- TASK DIRECTIONS:
The entries need to be copied exactly as they stand, images left out.

##### EXCERPTED RECORDS #####

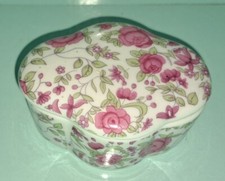 Lovely Vintage Floral Ceramic Trinket Box. Made in England, no makers name,  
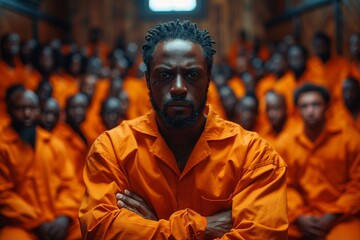 Focused man with contemplative expression and arms crossed wears an orange suit amidst a blurred background of inmates
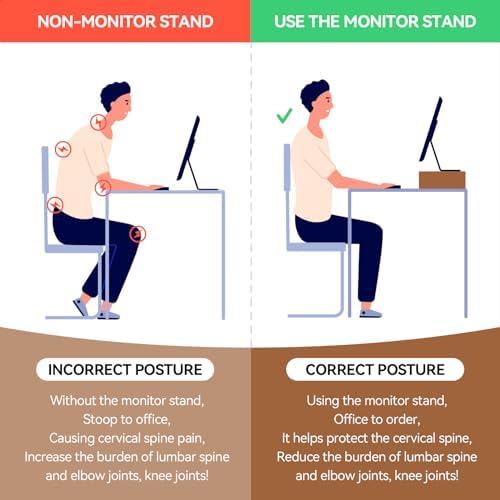 KIRIGEN Wood Monitor Stand Riser for Desk, 23.23 Inch, Brown 59-DBR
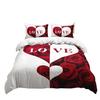 Valentine'S Day Love Rose Print Duvet Set Bed Three-Piece Set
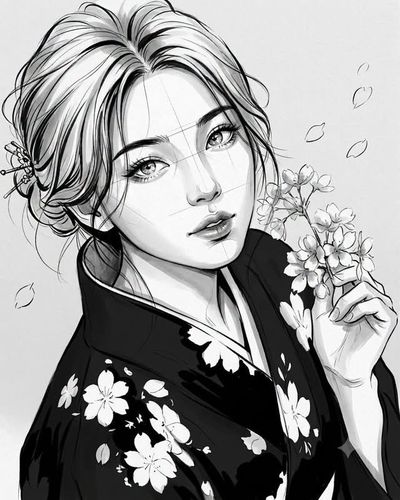 Elegant monochrome ink portrait with dynamic flowing hair lines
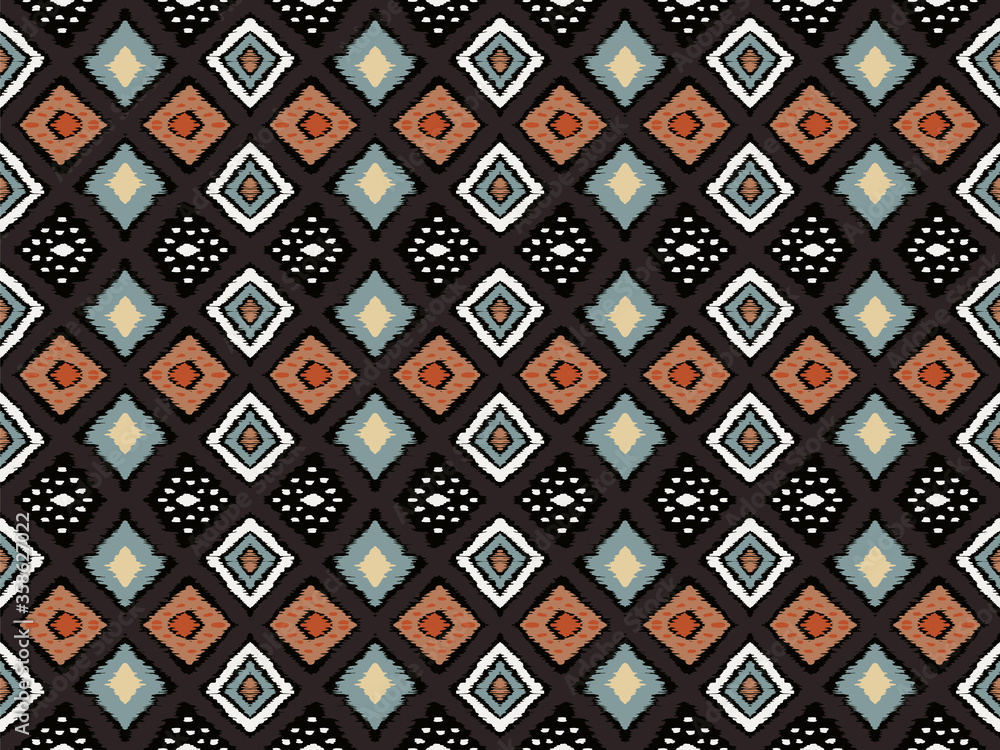 Ikat geometric folklore ornament with diamonds. Tribal ethnic vector texture. Seamless striped pattern in Aztec style. Folk embroidery. Indian, Scandinavian, Gypsy, Mexican, African rug. Ikat geometric folklore ornament with diamonds. Tribal ethnic vector texture. Seamless striped pattern in Aztec style. Folk embroidery. Indian, Scandinavian, Gypsy, Mexican, African rug.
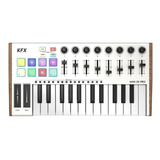 Kfx Mini 25 Pro Teclado Controlador Midi Usb 25 Teclas Pads 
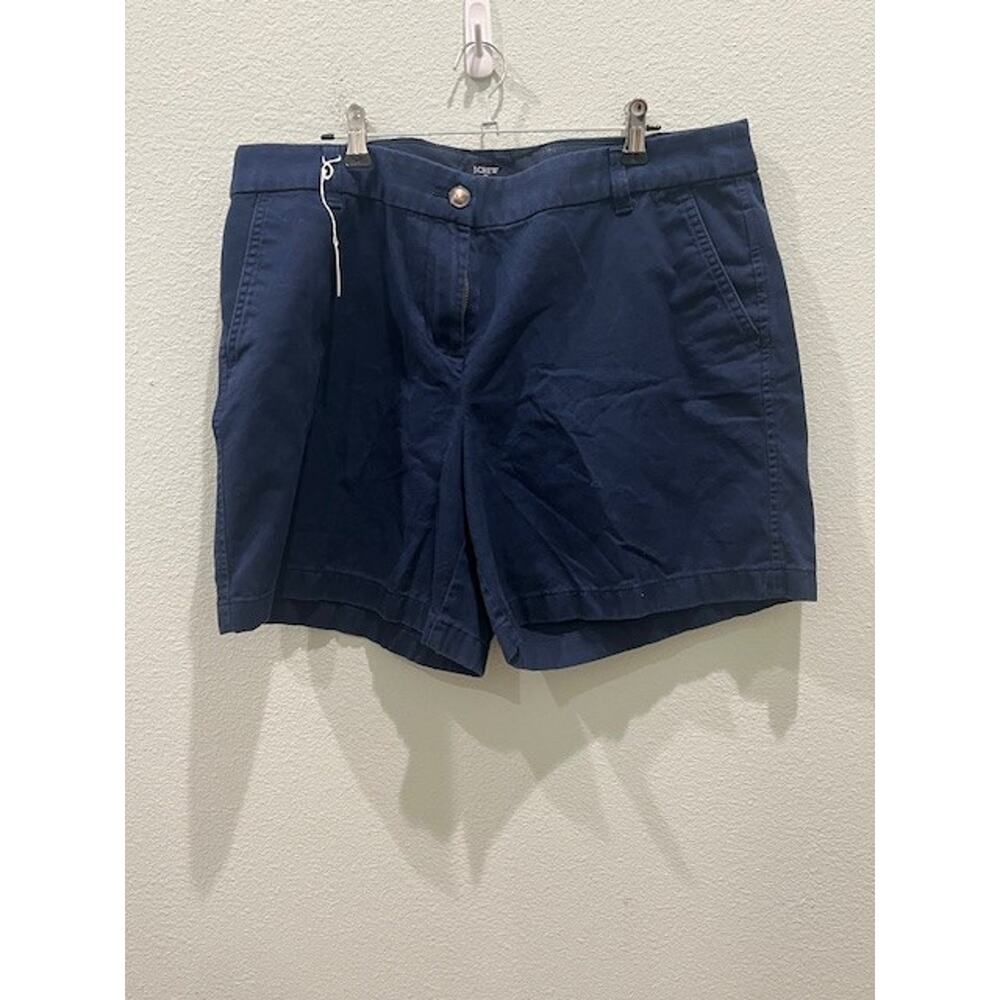 J CREW NWOT Re-imagined NAVY Blue Flat Front Chino Pants SHORTS Size 14 Women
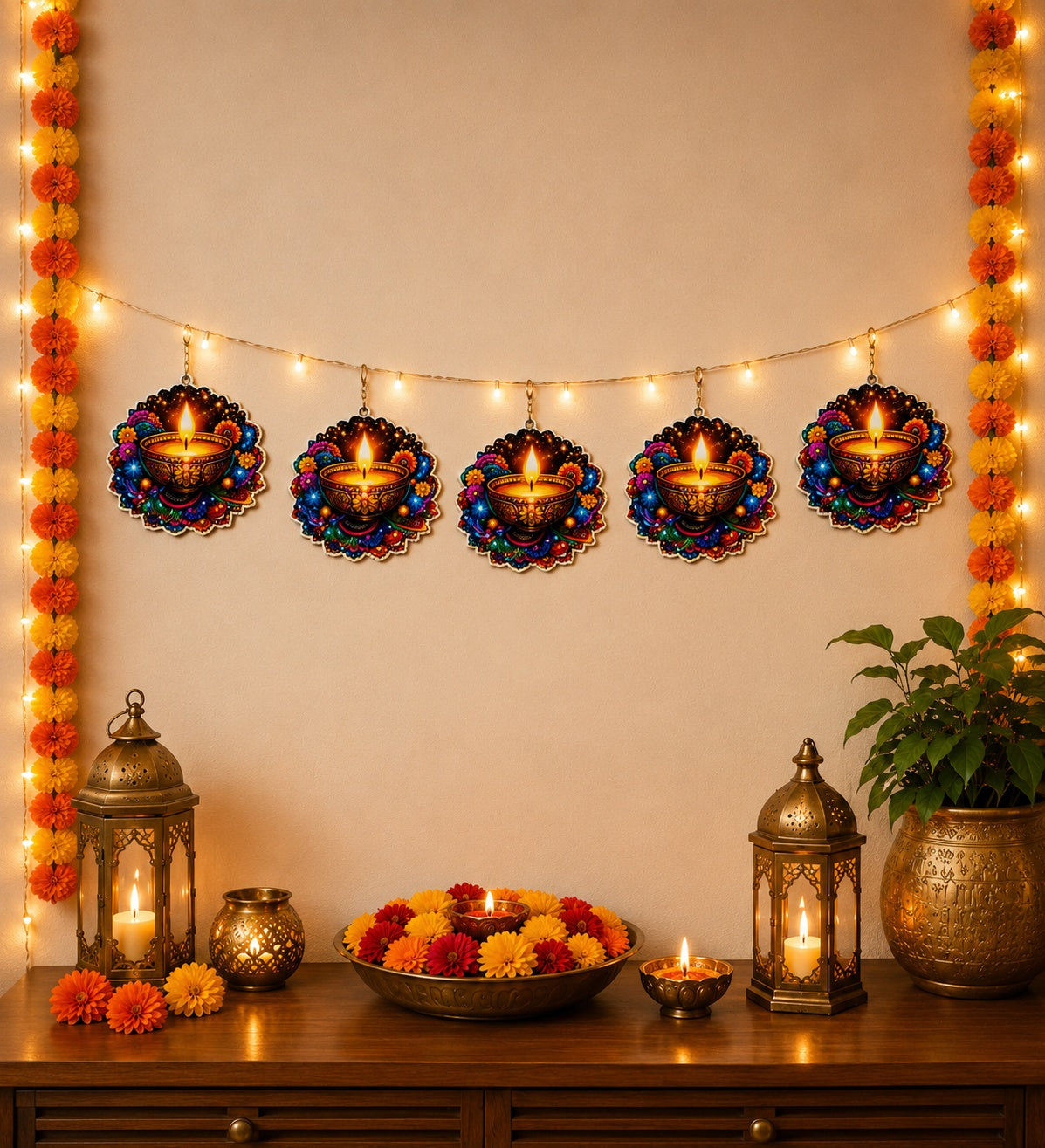 Diya decoration for pooja ghar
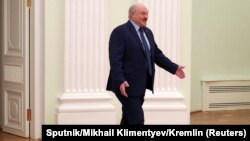 Аляксандар Лукашэнка на сустрэчы з Уладзімірам Пуціным у Крамлі, 11 сакавіка 2022 г.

#####

- TASK RESPONSE:
 Lovely Vintage Floral Ceramic Trinket Box. Made in England, no makers name,  
 Focused man with contemplative expression and arms crossed wears an orange suit amidst a blurred background of inmates
 KIRIGEN Wood Monitor Stand Riser for Desk, 23.23 Inch, Brown 59-DBR
 Valentine'S Day Love Rose Print Duvet Set Bed Three-Piece Set
 Elegant monochrome ink portrait with dynamic flowing hair lines
 Ikat geometric folklore ornament with diamonds. Tribal ethnic vector texture. Seamless striped pattern in Aztec style. Folk embroidery. Indian, Scandinavian, Gypsy, Mexican, African rug. Ikat geometric folklore ornament with diamonds. Tribal ethnic vector texture. Seamless striped pattern in Aztec style. Folk embroidery. Indian, Scandinavian, Gypsy, Mexican, African rug.
 Kfx Mini 25 Pro Teclado Controlador Midi Usb 25 Teclas Pads 
 J CREW NWOT Re-imagined NAVY Blue Flat Front Chino Pants SHORTS Size 14 Women
 Diya decoration for pooja ghar
 Аляксандар Лукашэнка на сустрэчы з Уладзімірам Пуціным у Крамлі, 11 сакавіка 2022 г.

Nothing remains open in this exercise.